(Image-text web data)

Start of Block

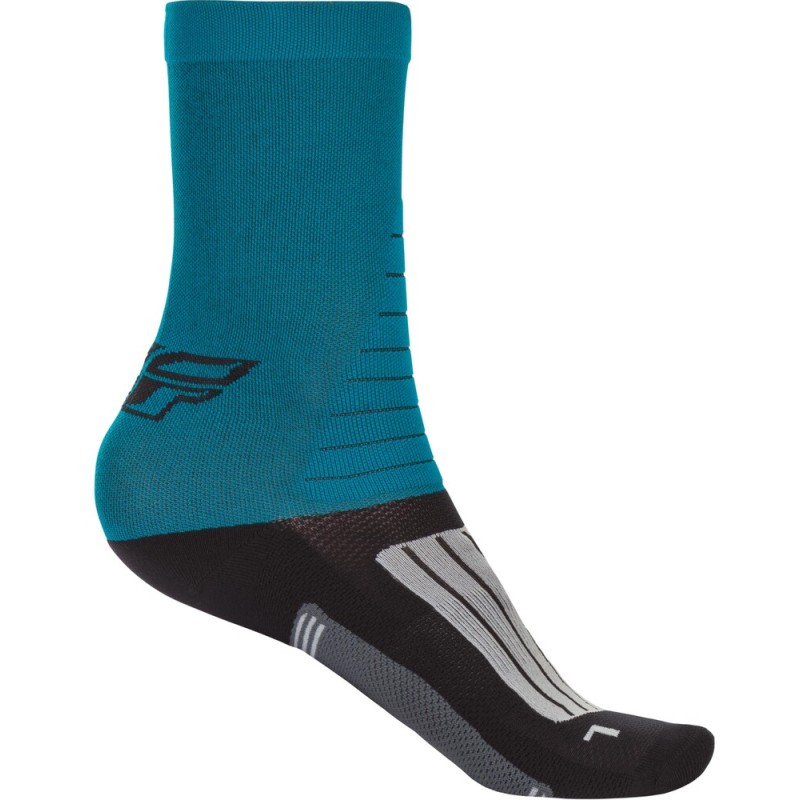 Factory Rider Socks Factory Rider Socks
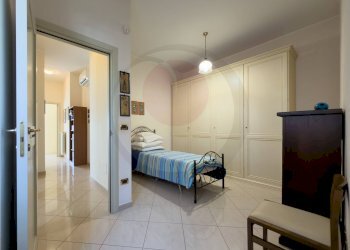 Foto 37 - Appartamento Via del verde, Lanciano - foto 37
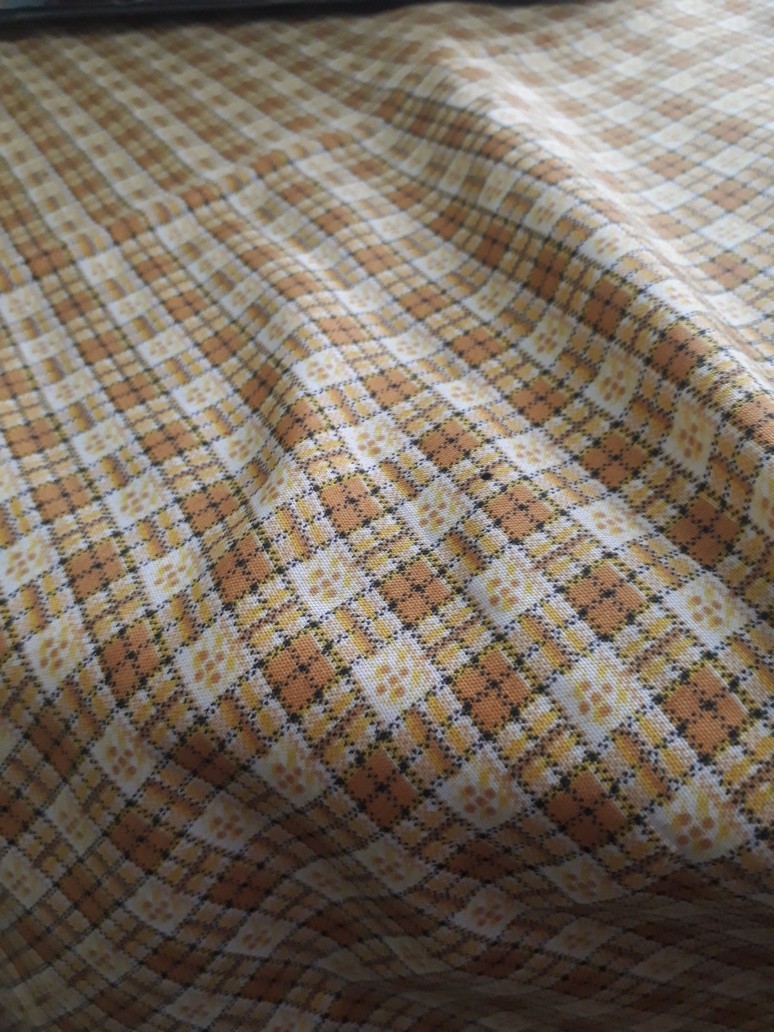 Ultra Cool Ice Pack Mini / Ice Substitute / Pengganti Es Batu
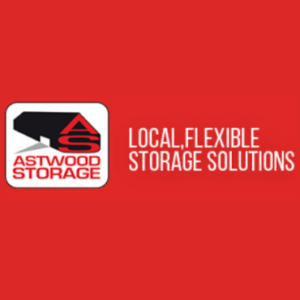 Profile photo of Astwood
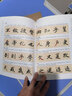 砚台金帖系列.赵孟頫三门记/书法碑帖系列 实拍图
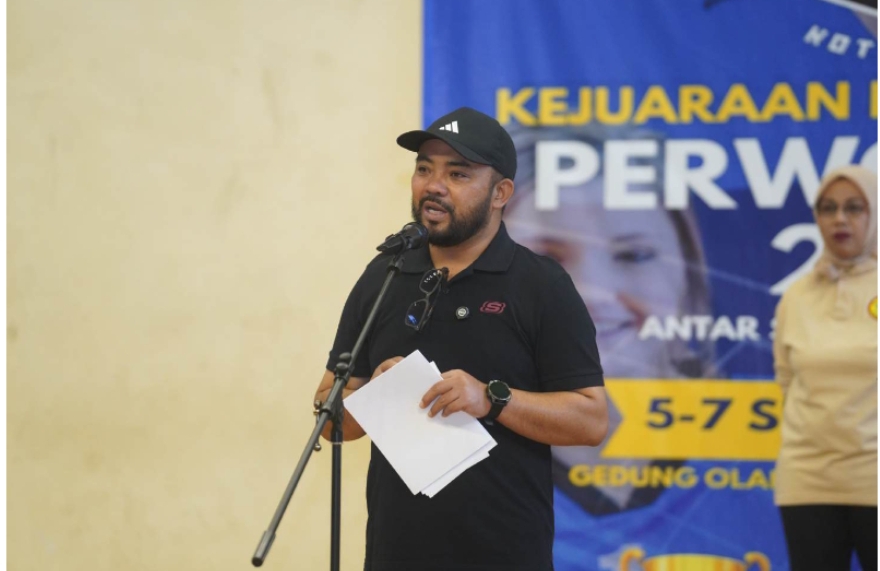 Screenshot_2025-09-05-15-02-08-804_com.android.chrome-edit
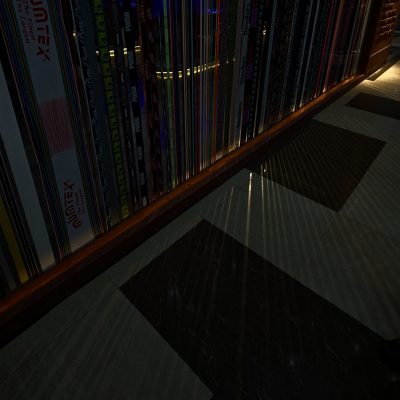 20250110_175843
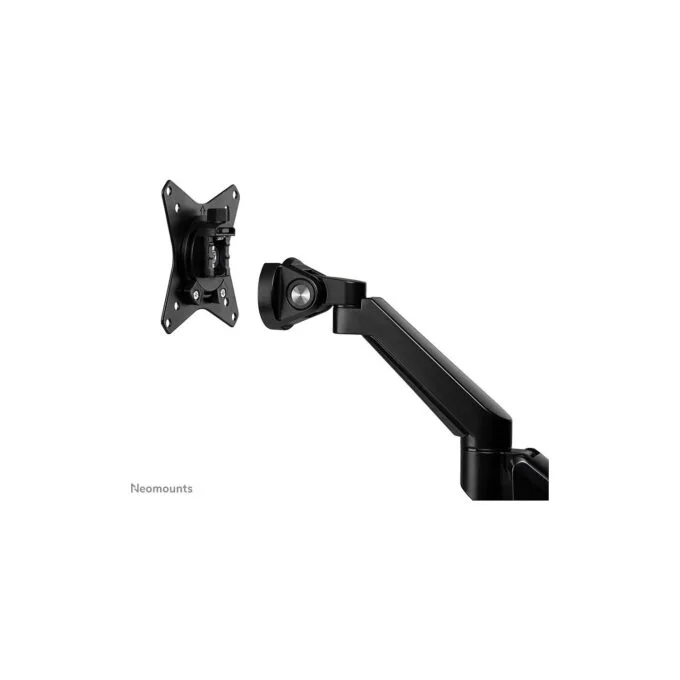 Neomounts DS70-810BL2 Tischhalterung für 17-32' Bildschirme - Schwarz — image 19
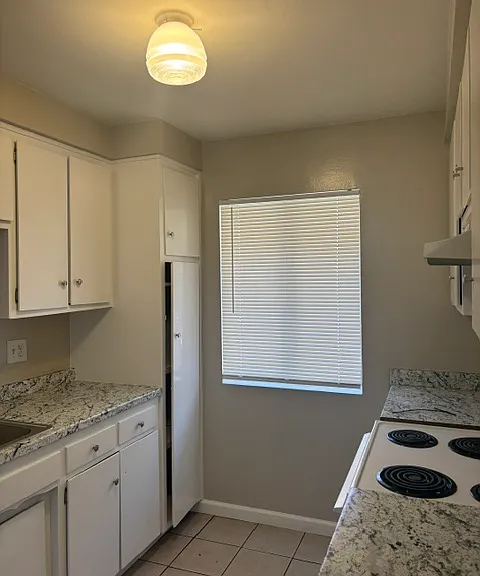 4400 Balboa Dr #D — Photo 4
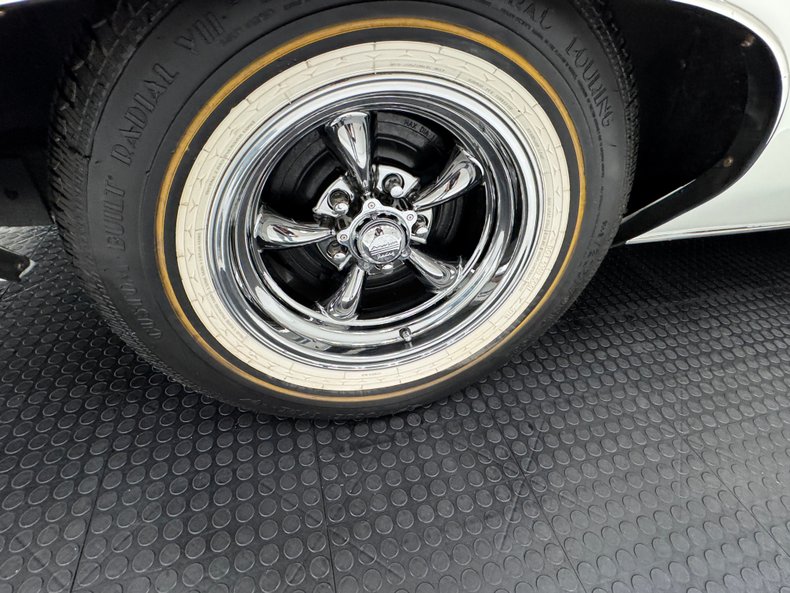 1971 Buick Centurion 29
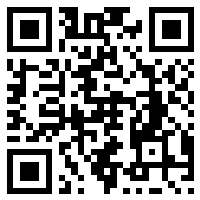 QR Code for 1EiVT5sCXjNu2wcaA7kYJZcPmhDnV6BjDP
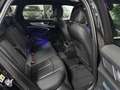 Audi A6 A6 Avant 40 TDi Sport Caméra 12 mois garantie Zwart - thumbnail 22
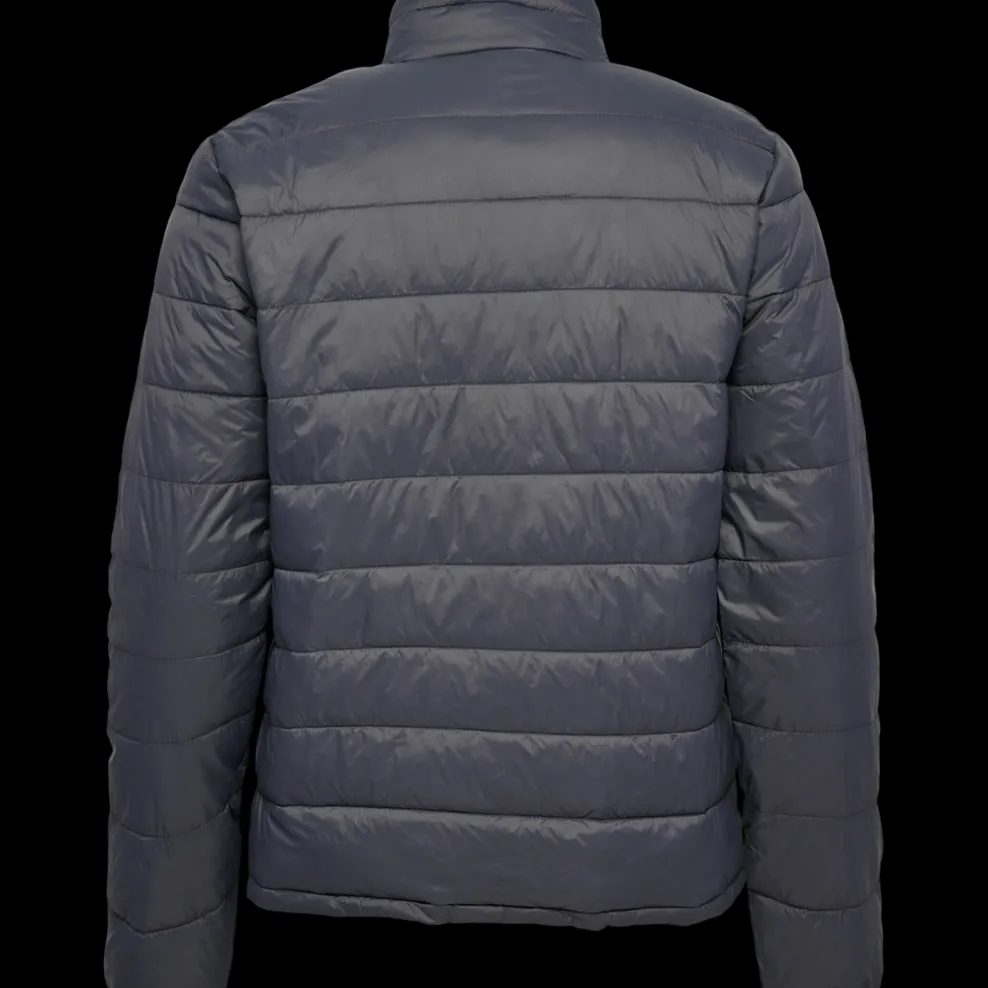 hmlWIND PUFF JACKET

End of Block

## WHAT IS NEEDED:
The records above must be printed exactly; the pictures stay out.

## SOLVED EXERCISE:
 Factory Rider Socks Factory Rider Socks
 Foto 37 - Appartamento Via del verde, Lanciano - foto 37
 Ultra Cool Ice Pack Mini / Ice Substitute / Pengganti Es Batu
 Profile photo of Astwood
 砚台金帖系列.赵孟頫三门记/书法碑帖系列 实拍图
 Screenshot_2025-09-05-15-02-08-804_com.android.chrome-edit
 20250110_175843
 Neomounts DS70-810BL2 Tischhalterung für 17-32' Bildschirme - Schwarz — image 19
 4400 Balboa Dr #D — Photo 4
 1971 Buick Centurion 29
 QR Code for 1EiVT5sCXjNu2wcaA7kYJZcPmhDnV6BjDP
 Audi A6 A6 Avant 40 TDi Sport Caméra 12 mois garantie Zwart - thumbnail 22
 hmlWIND PUFF JACKET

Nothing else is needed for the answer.